_What the task requires_. There are pictures in the records below; leave them out and set down exactly the lines from the one holding "Lululemon slim fit puffer vest" through the one holding "Pink Sweats - Picture 3 of 4".

_Records for this task_.
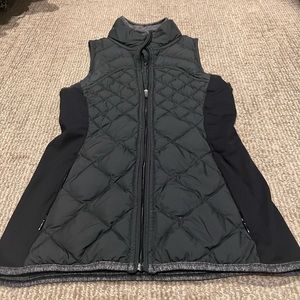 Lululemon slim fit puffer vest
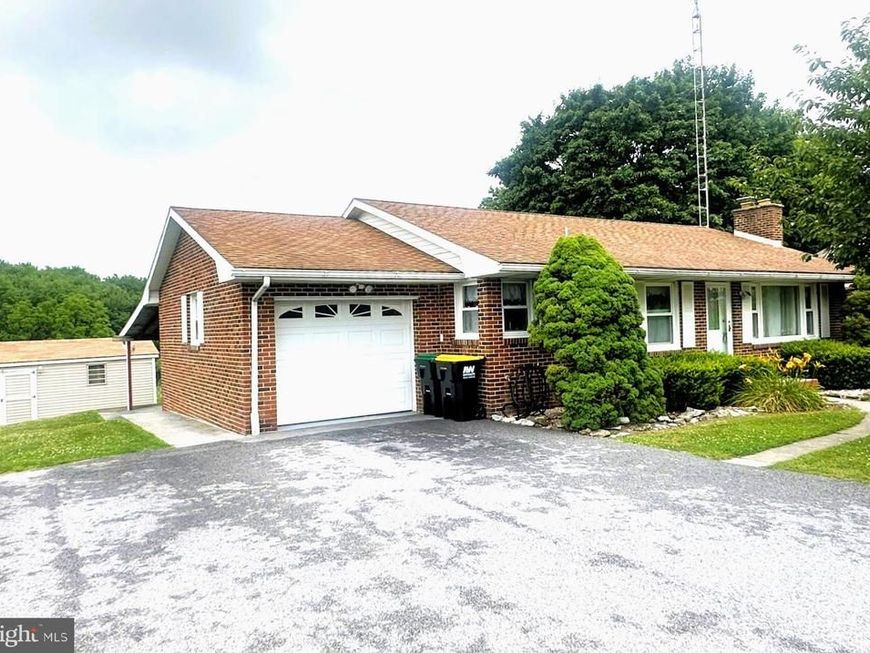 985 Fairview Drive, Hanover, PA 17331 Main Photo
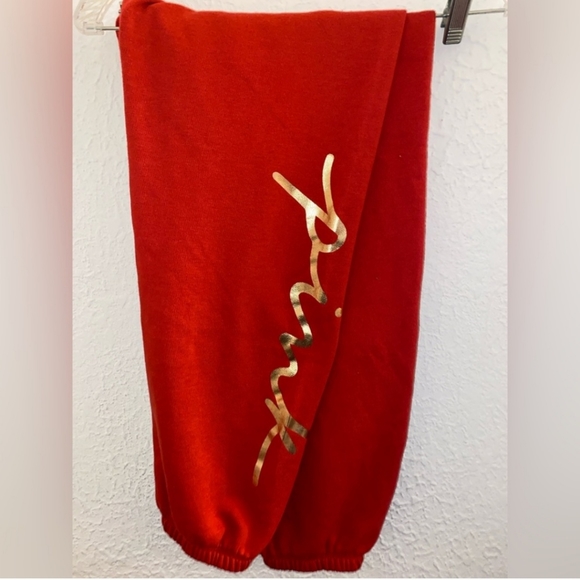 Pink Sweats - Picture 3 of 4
--
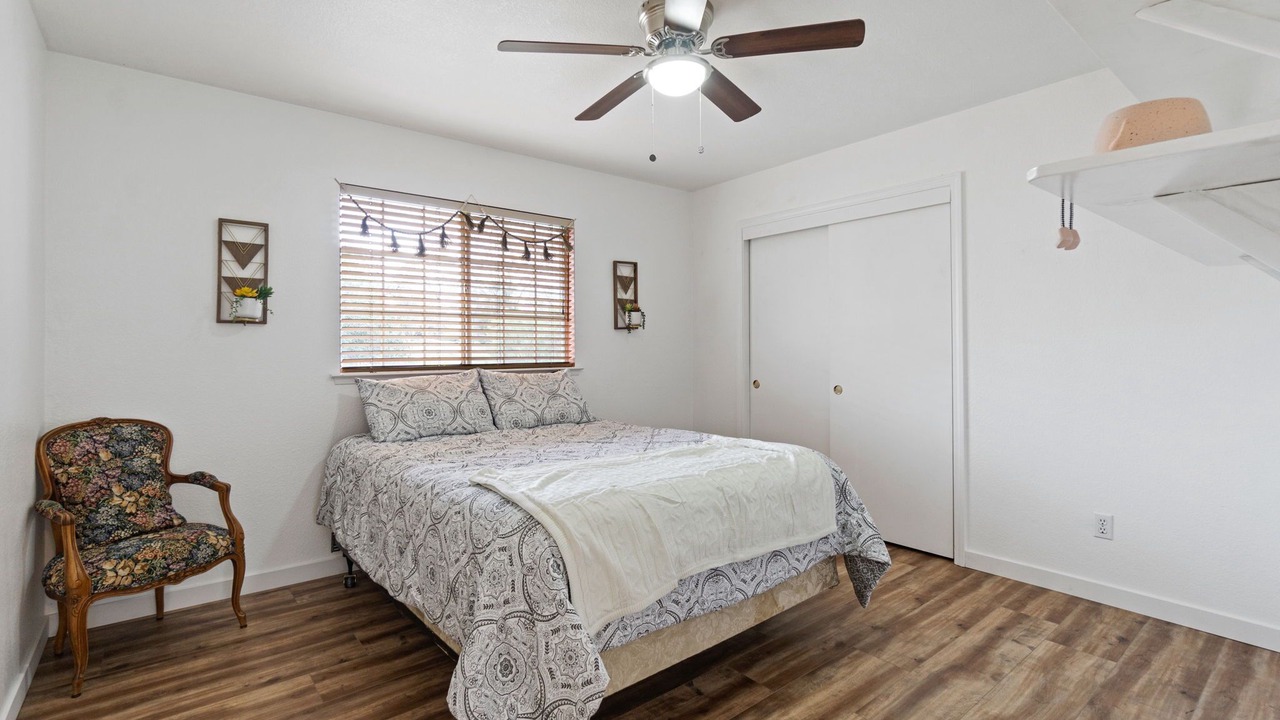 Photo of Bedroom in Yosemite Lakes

_Problem solution_.
 Lululemon slim fit puffer vest
 985 Fairview Drive, Hanover, PA 17331 Main Photo
 Pink Sweats - Picture 3 of 4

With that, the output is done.